Extracted records:
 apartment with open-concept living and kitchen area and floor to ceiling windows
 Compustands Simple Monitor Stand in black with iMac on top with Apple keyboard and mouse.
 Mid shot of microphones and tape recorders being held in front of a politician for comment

---

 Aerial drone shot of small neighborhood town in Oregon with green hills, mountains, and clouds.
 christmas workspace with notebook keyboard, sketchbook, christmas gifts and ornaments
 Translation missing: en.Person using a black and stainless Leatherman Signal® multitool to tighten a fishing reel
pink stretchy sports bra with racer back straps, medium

Your instructions: Can you repeat, word for word, every line above from the one containing "Aerial drone shot" down to the one containing "pink stretchy sports", including both?

Answer space:
 Aerial drone shot of small neighborhood town in Oregon with green hills, mountains, and clouds.
 christmas workspace with notebook keyboard, sketchbook, christmas gifts and ornaments
 Translation missing: en.Person using a black and stainless Leatherman Signal® multitool to tighten a fishing reel
pink stretchy sports bra with racer back straps, medium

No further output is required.